**Task item:** Return every line from the one with "ni Ashanti Ra" through the one with "Manisa’da boşaltılan iki", inclusive, exactly as it appears below.
START Raw data
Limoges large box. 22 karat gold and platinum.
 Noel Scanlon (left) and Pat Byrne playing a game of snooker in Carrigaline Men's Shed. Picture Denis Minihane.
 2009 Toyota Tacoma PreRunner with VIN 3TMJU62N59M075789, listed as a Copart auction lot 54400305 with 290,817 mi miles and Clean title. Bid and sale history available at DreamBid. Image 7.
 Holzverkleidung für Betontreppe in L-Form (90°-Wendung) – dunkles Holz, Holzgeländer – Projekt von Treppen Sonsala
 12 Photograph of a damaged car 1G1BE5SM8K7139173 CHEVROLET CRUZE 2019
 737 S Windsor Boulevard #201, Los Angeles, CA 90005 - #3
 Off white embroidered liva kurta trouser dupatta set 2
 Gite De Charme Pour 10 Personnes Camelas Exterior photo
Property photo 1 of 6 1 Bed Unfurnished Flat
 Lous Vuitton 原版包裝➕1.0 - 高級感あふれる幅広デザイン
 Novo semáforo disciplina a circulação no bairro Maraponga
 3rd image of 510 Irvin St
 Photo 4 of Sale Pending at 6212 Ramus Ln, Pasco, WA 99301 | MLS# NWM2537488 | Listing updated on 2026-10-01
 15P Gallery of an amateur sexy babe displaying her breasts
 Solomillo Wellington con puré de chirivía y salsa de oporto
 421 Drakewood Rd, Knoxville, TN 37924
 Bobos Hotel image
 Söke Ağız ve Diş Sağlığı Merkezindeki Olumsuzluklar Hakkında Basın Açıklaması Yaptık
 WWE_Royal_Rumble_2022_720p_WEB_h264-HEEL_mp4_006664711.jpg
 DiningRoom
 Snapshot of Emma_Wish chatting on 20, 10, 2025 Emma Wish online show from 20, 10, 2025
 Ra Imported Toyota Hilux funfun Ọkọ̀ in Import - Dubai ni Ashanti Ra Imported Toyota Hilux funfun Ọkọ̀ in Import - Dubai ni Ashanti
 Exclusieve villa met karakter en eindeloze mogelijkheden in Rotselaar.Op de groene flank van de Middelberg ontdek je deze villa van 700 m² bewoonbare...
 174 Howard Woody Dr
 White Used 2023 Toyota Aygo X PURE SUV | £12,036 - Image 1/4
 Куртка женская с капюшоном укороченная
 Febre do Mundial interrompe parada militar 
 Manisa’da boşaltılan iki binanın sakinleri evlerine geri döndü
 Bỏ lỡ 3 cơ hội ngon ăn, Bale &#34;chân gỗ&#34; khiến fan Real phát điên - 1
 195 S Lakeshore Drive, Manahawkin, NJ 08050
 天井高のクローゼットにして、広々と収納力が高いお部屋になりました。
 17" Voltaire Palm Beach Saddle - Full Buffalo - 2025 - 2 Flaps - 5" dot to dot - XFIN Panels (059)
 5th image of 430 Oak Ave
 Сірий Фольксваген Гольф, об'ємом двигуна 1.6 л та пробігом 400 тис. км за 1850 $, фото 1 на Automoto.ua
END Raw data
**Result:**
 Ra Imported Toyota Hilux funfun Ọkọ̀ in Import - Dubai ni Ashanti Ra Imported Toyota Hilux funfun Ọkọ̀ in Import - Dubai ni Ashanti
 Exclusieve villa met karakter en eindeloze mogelijkheden in Rotselaar.Op de groene flank van de Middelberg ontdek je deze villa van 700 m² bewoonbare...
 174 Howard Woody Dr
 White Used 2023 Toyota Aygo X PURE SUV | £12,036 - Image 1/4
 Куртка женская с капюшоном укороченная
 Febre do Mundial interrompe parada militar 
 Manisa’da boşaltılan iki binanın sakinleri evlerine geri döndü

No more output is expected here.